— What to work on —
Skip the pictures. Copy all the rest of the records down exactly.

— Data for the task —
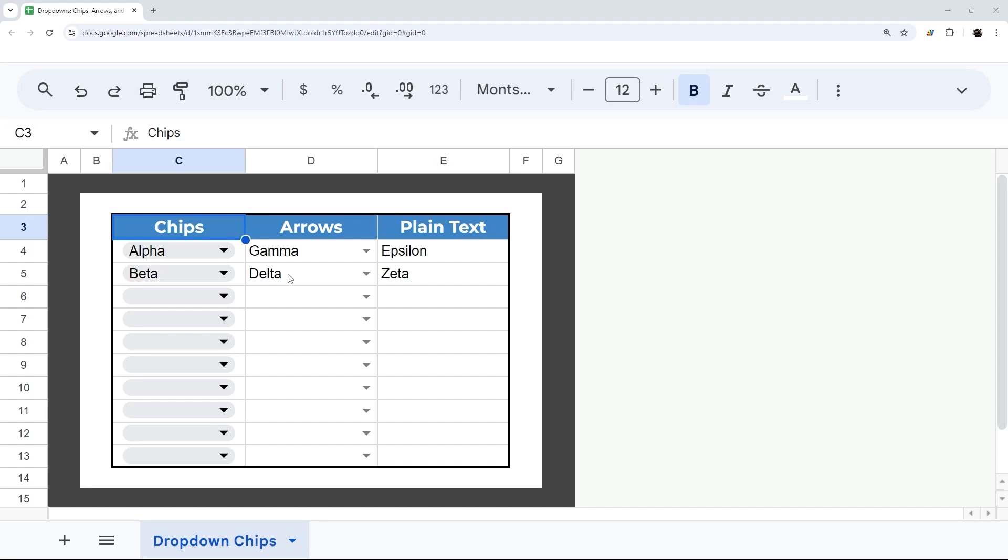Have you ever been adding dropdowns to your Google Sheet and saw Chips, Arrows, and Plain Text, but weren't sure the difference or why you would use each one? Let me run you through real quick and show you visually what these look like and a couple drawbacks and advantages of each one.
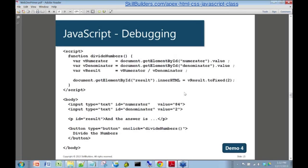I've got a little example here so we can see it in action. A very simple thing - I've built a function called divide numbers, just takes a numerator and a denominator, does the division, and pops the result into a variable called vresult, and then displays that on the page.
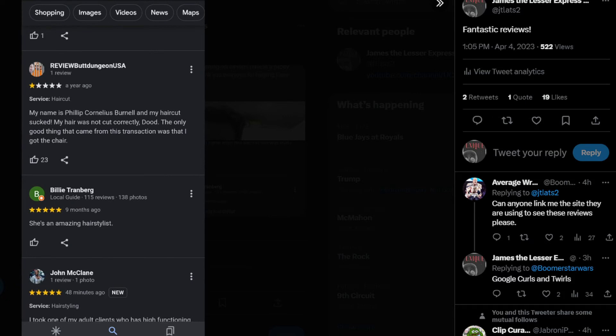My name is Philip Cornelius Bunnell, and my haircut sucked. My hair was not cut correctly, dude. The only good thing that came from this transaction was that I got the chair.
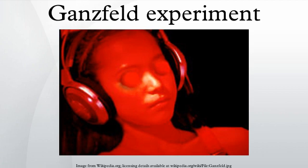Experimental procedure: in a typical Ganzfeld experiment, a receiver is placed in a room relaxing in a comfortable chair with halved ping-pong balls over the eyes, having a red light shone on them. The receiver also wears a set of headphones through which white or pink noise is played. The receiver is in this state of mild sensory deprivation for half an hour. During this time, a sender observes a randomly chosen target and tries to mentally send this information to the receiver. The receiver speaks out loud during the 30 minutes, describing what he or she can see. This is recorded by the experimenter either by recording onto tape or by taking notes, and is used to help the receiver during the judging procedure.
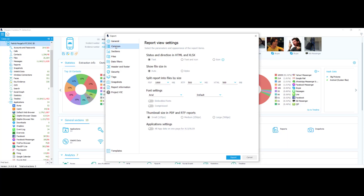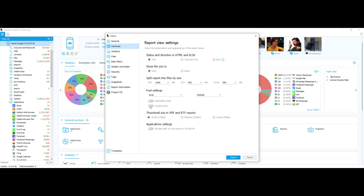Now I'm going to select the common tab. The common tab is basically asking you to set your report view settings. You can change the status and direction in HTML and XLSX — I'll keep mine on text. You can show file size, set as auto or bytes. You can split the report by file size — for PDF I have mine set at a thousand. You can change font settings, for example Times New Roman. You also have embedded fonts, compressed options, and size settings for PDF and RTF at 125 pixels. For application settings, you can have all data on one page for XLS or XLSX.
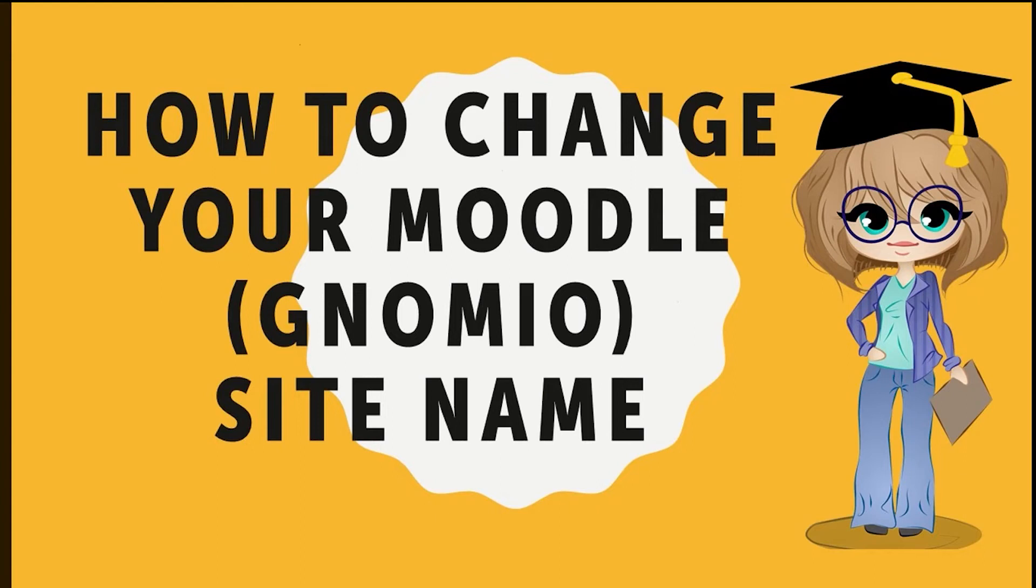Hello everyone, I am Madhulika and I welcome you all to my channel, Uncomplicate with Madhulika.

— Exercise solution —
Have you ever been adding dropdowns to your Google Sheet and saw Chips, Arrows, and Plain Text, but weren't sure the difference or why you would use each one? Let me run you through real quick and show you visually what these look like and a couple drawbacks and advantages of each one.
I've got a little example here so we can see it in action. A very simple thing - I've built a function called divide numbers, just takes a numerator and a denominator, does the division, and pops the result into a variable called vresult, and then displays that on the page.
My name is Philip Cornelius Bunnell, and my haircut sucked. My hair was not cut correctly, dude. The only good thing that came from this transaction was that I got the chair.
Experimental procedure: in a typical Ganzfeld experiment, a receiver is placed in a room relaxing in a comfortable chair with halved ping-pong balls over the eyes, having a red light shone on them. The receiver also wears a set of headphones through which white or pink noise is played. The receiver is in this state of mild sensory deprivation for half an hour. During this time, a sender observes a randomly chosen target and tries to mentally send this information to the receiver. The receiver speaks out loud during the 30 minutes, describing what he or she can see. This is recorded by the experimenter either by recording onto tape or by taking notes, and is used to help the receiver during the judging procedure.
Now I'm going to select the common tab. The common tab is basically asking you to set your report view settings. You can change the status and direction in HTML and XLSX — I'll keep mine on text. You can show file size, set as auto or bytes. You can split the report by file size — for PDF I have mine set at a thousand. You can change font settings, for example Times New Roman. You also have embedded fonts, compressed options, and size settings for PDF and RTF at 125 pixels. For application settings, you can have all data on one page for XLS or XLSX.
Hello everyone, I am Madhulika and I welcome you all to my channel, Uncomplicate with Madhulika.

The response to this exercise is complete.